Q: How is the IBI Biochar Classification Tool related to the IBI Biochar Standards?
A: The Tool classifies a subset of the physicochemical properties that are mostly tested for in the IBI Biochar Standards. It is not intended to replace the Standards which provide comprehensive testing and reporting requirements, particularly around safety of the biochar material. Rather, the Tool is complimentary to the Standards in that it provides a way (i) to interpret the test results (for those properties that are classified) to understand the potential soil and crop impact of a specific biochar, (ii) to recognize the widely divergent properties biochars can have, and (iii) to enhance our ability to communicate biochar effects on soil properties using a greater differentiation of these properties.

Q: What is the carbon storage class and how do I interpret it?
A: The carbon storage class is a measure of the estimated long-term (i.e., 100 year) soil carbon storage potential of a biochar. Biochars are classified by the quantity of organic carbon (Corg) in grams per kilogram estimated to remain in soil for at least 100 years (BC+100). For example, a biochar in carbon storage class4 would be estimated to have from 500 – 600 grams of Corg per kilogram of biochar (50 – 60% on a mass basis) after 100 years in the soil.

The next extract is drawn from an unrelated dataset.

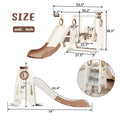 4 In 1 Toddler Slide And Swing Set, Kids Playground Climber Slide Playset With Basketball Hoop,Freestanding Combination For Babies Coffee 50 99 Lbs Hdpe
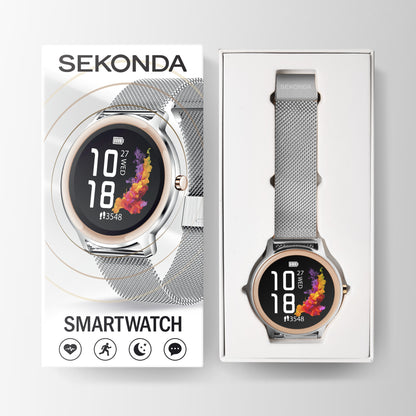 SEKONDA FLEX SMART WATCH | SILVER CASE & MESH STRAP - 40387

Q: How is biochar carbon persistence over 100 years (BC+100) estimated?
A: The rationale for the C storage value is provided by the IBI Stable Carbon Protocol1, which proposes a test method to estimate the fraction of organic C (Corg) in biochar that remains in soil for more than 100 years (BC+100). “The methodology is founded on extrapolations from medium-term (3 to 5 years) incubation experiments of biochars carried out under controlled and optimal environmental conditions to support decomposition2, 3, 4 to long-term decay models. Neither the impacts on plant productivity nor the effects on native soil organic C stocks (e.g., positive or negative priming) were considered by the Protocol because of insufficient scientific evidence at this time and variability in the direction and magnitude of these effects depending on soil and biochar type. The effect of soil type and plant roots on biochar C persistence was not considered either. With the availability of more data, this methodology will be updated to include the influence of specific biochar-soil type interactions, as well as the effects of biochar amendments on the decomposition or stabilization of native organic C (‘priming effects’), and plant productivity.”5

Q: What is the fertilizer class and how do I interpret it?
A: The fertilizer class is a measure of the quantity of 4 major plant nutrients in a biochar: P, K, S, and Mg. Each nutrient that is available in quantities that meet the requirements of maize (at a maximum considered biochar application rate of 10 tons per hectare (t/ha)) is assigned an additional class. Further, the amount in t/ha of biochar needed to meet the maize needs of a specific nutrient is listed as a subscript next to that nutrient. For example, a fertilizer classification of P3tMg9t implies that biochar applied at 3 t/ha and 9 t/ha would satisfy the maize requirements for P and Mg, respectively. The fertilizer would be assigned Class 2 because two nutrients (P and Mg) satisfy maize requirements whereas even at 10 t/ha K and S would still be insufficient.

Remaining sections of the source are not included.